Yesterday, the full committee held a productive discussion on how technology is influencing specialty crop production. Today, our subcommittee will explore how promising new information technologies and the increasing utilization of data in agriculture is influencing the future of farming.
It is a critical time for everyone involved in production agriculture as we face tough choices ahead. Given tight margins and a continued slump in prices at the farm gate, even routine, day-to-day decision-making can determine whether the farmer will turn an annual profit. These challenges in farm country underscore the importance of the decisions we make in the next Farm Bill, which we will have to write with fewer resources than we had the last go-round.
But as we begin to answer the tough questions, one thing's clear - for farmers and policymakers alike - technology plays an undeniably important role in how we address these challenges. The decisions we make surrounding data and agriculture technology will decide the future of farming in America and impact producers for years to come as technologies continue expanding and evolving.

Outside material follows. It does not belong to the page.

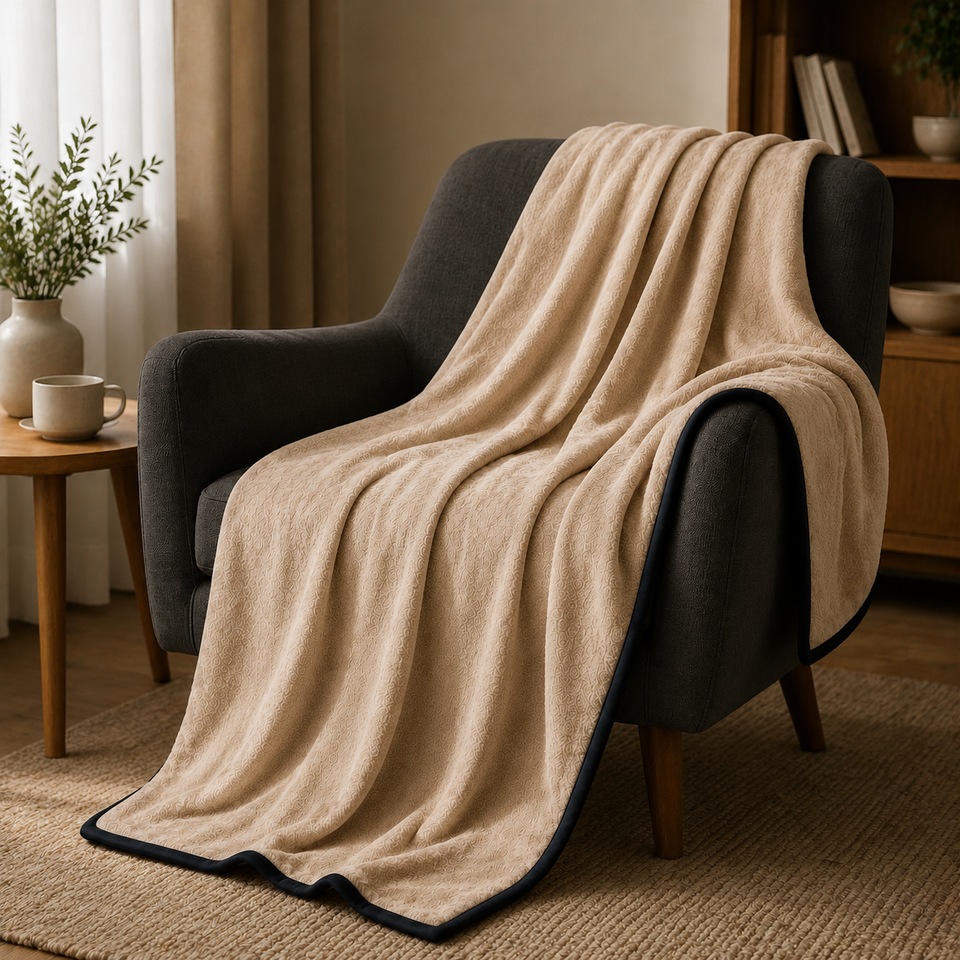 SOGA 2X 230x200cm Biege Flannel Polyester Throw Blanket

This is the third hearing we've held in the last year-and-a-half related to big data and the ground is already quickly shifting. Big data is influencing planting decisions and optimizing yields, it gives farmers tools to more accurately assess soil health and water usage, and it's even cutting down on labor costs. Farmers are also quickly learning that smart investments in new technology will not only make them more efficient, but will also conserve resources and ensure their land will remain productive for generations to come. Finally, big data is making USDA farm programs more accurate, efficient and easier for farmers to navigate.
But while cutting-edge agriculture technology promises many benefits, there are also significant challenges to overcome. There continues to be considerable uncertainty in the legal and regulatory landscape. Farmers are justifiably concerned about the privacy and security of their data while questions loom over data ownership. Inadequate rural broadband access is also a significant barrier for many farmers who lack the high-speed internet needed to take full advantage of the innovations we are discussing today. And, as the industry continues making investments in its future, the federal government must keep pace to modernize and adapt to a rapidly changing environment.
Our distinguished witnesses here with us today will present some of the promising benefits of big data in agriculture, and will also enlighten us about how they are tackling the many challenges they're facing. I look forward to hearing their views as we assess the role of government in the modernization of agriculture. I believe this is key to ensuring that America remains the most abundant and affordable supplier of food and fiber in the world.